Tillman himself says the answer is “somewhere in the middle.” But if this actually is some sort of Indie Kaufman performance art, one thing is true: Josh Tillman is the funniest person in the world. His lyrics are often laugh-out-loud funny, Zevonian in their frequent deployment of acerbic zingers. And his videos just amplify it.
Psychedelic, psychosexual and often downright psychotic, Tillman’s videos act as both companions and flights of fancy. They use unhinged chaos to portray his common themes: love, self-loathing, various existential quandaries. And they are, in large part, hysterically funny.
Ahead of his Orpheum stop, we’ve compiled a list of Father John Misty’s finest comedic moments, from the silly to the outright surreal.
“This is Sally Hatchet”
The video for “This is Sally Hatchet,” the eighth track on 2012’s Fear Fun, falls squarely into the “warped, demented chaos” category of Father John Misty videos. In it, a beautiful and mysterious woman takes a bleeding Tillman on a heavily-armed whirlwind adventure. Why bleeding? Because he’s a vacant-eyed pizzeria employee who just sliced his own fingers off! (Also, if anyone knows where to cop a badass military jacket like the one Tillman wears in the video, HMU.)

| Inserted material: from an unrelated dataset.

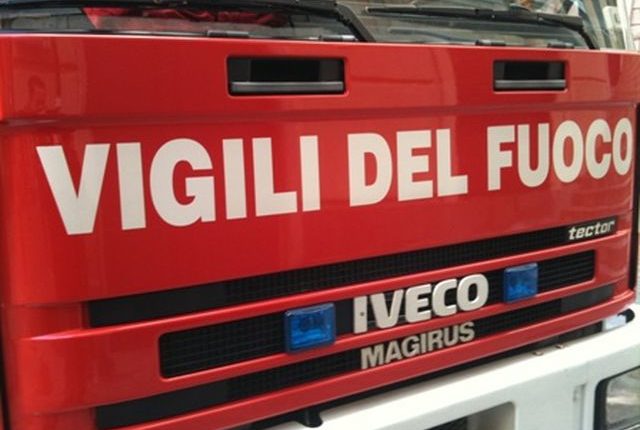 Un incendio distrugge autobus dell’Anm a Ercolano: nessun ferito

“The Night Josh Tillman Came to Our Apartment”
I Love You, Honeybear is my favorite album, full stop. “The Night Josh Tillman Came to Our Apartment” is that 2015 record’s fourth track. It finds the titular Tillman painting a portrait of a one-night stand with someone who sounds like a real piece of work. In the video, Tillman plays opposite himself as both sides of this relationship, donning a floppy hat and taking an subtly feminine affectations. Perhaps this is Tillman acknowledging the perceived narcissism that goes with the Father John Misty character. Or maybe he just really liked the 1996 film Multiplicity.
“Total Entertainment Forever”
This Bowie-esque piano rocker is one of Father John Misty’s more star-studded clips. Macaulay Culkin, as Kurt Cobain, is crucified alongside a sax-playing Bill Clinton and, uh, Jon Arbuckle, the guy from Garfield. It’s all a riff on the concept of virtual reality and its ramifications on pacifying humanity, which fits in with the low-key academic undercurrent on the rest of last year’s Pure Comedy. And it also features another famous Tillman(n): Keep an eye out for a cameo by Sean Tillmann, aka Har Mar Superstar.
This year’s God’s Favorite Customer is Tillman’s most personal album yet. It nearly abandons the Father John Misty act entirely, instead focusing on how it’s impacted the real Tillman. “Mr. Tillman” sees the singer having some sort of breakdown, portrayed through his stay in what seems like a Las Vegas hotel stuck in a time loop. Think David Lynch’s version of The Shining. Plus, it pairs dark, surreal images with a song that’s actually one of Tillman’s most upbeat, coasting on a bouncy piano. Unfortunately, Jason Isbell, who has a history of comedic cameos in music videos and is shouted-out in the song, does not appear in the clip.
I have no idea how to describe this one, taken from another track off God’s Favorite Customer. It’s full of surreal animation, which often takes on a sophomoric bent, including people riding flying toilets and a man hugging a giant penis with a face. Occasionally Tillman’s live-action mouth shows up, sometimes in the form of a talking moon or a cigarette smoking ice cream cone. None of this makes any goddamn sense, which is what makes it so funny.
BONUS: “This is America”
Long before Childish Gambino stunned audiences with his video for a song called “This is America,” Father John Misty performed a song called “This is America” on the Adult Swim series Brad Neely’s Harg Nallin’ Sclopio Peepio. Created by cult web animator Brad Neely — the madman behind Baby Cakes and The Professor Brothers — the show ran for just one season. (Apparently Sclopio Peepio was somehow too strange even for Adult Swim.) But in that brief run, it featured Father John Misty singing a song about living in a dumb country, finding dumber ways to die, and *checks notes* Go-GURT.Father John Misty is performing with King Tuff at the Orpheum Theater on Tuesday, Sept. 18.